SSとは「ショートショート」あるいは「ショートストーリー」の略で、一般に短編よりもさらに短い小説のことを言いますが…
小説をコンパクトに短くまとめるのって、結構大変なんです。
少ない文字数にボリュームのある内容を詰め込もうとすると、どうしても説明不足に陥りがちですし、描写に文字数をかけられない分、味気ないものにもなりかねません。
しかし、読書離れ、本離れ、活字離れなどが囁かれるこのご時世…読書に慣れない世代・客層には長文が忌避される傾向にあります。

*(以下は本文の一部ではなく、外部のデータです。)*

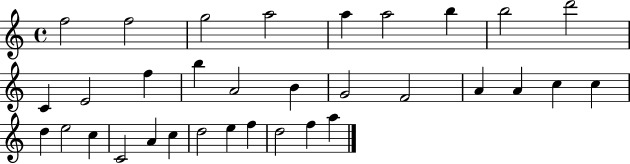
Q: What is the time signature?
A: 4/4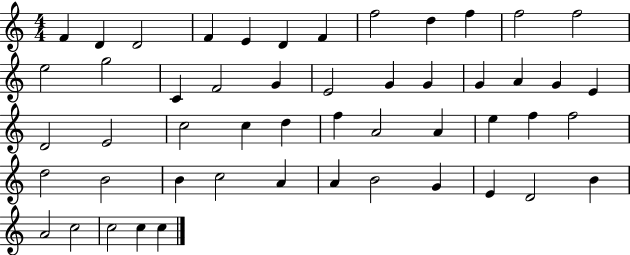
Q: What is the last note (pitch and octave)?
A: C5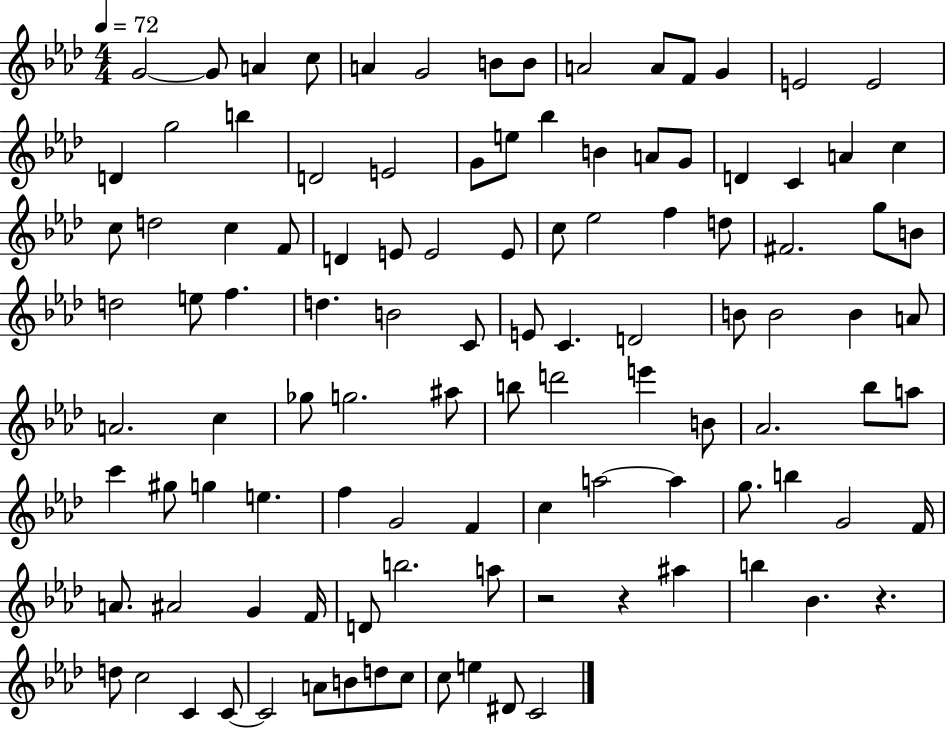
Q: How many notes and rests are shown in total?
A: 109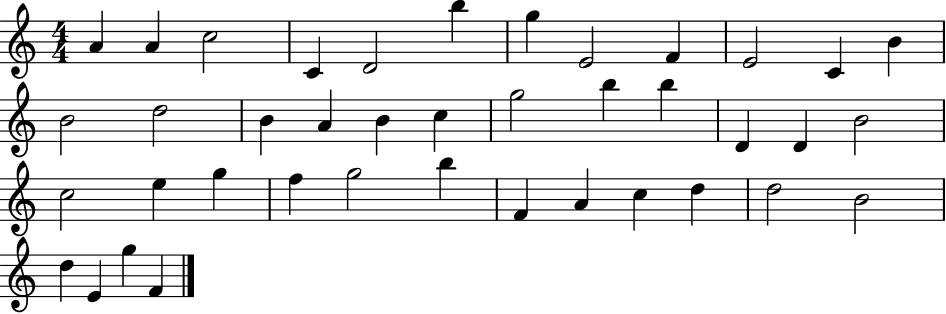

この厳しい出版不況の時代の中で、それでも広く、多くの読者を獲得したいなら、短文スキルを身につけておくことは必須なのではないか…そんな危機感が、自分にはありました。
…そんなわけで「1話完結の物語を、なるべくコンパクトにまとめよう」ということで始めてみた一連の習作が、この恋愛SSシリーズ「まるで純度の高い恋の結晶のような…」略して「純恋結晶」というわけです。
(ちなみにシリーズ・タイトルは「…」の後に何となく各話のタイトルを繋げられるようにしたかったのと、「略したら、それだけでも意味のありげな単語になる」というコンセプトで決めています。)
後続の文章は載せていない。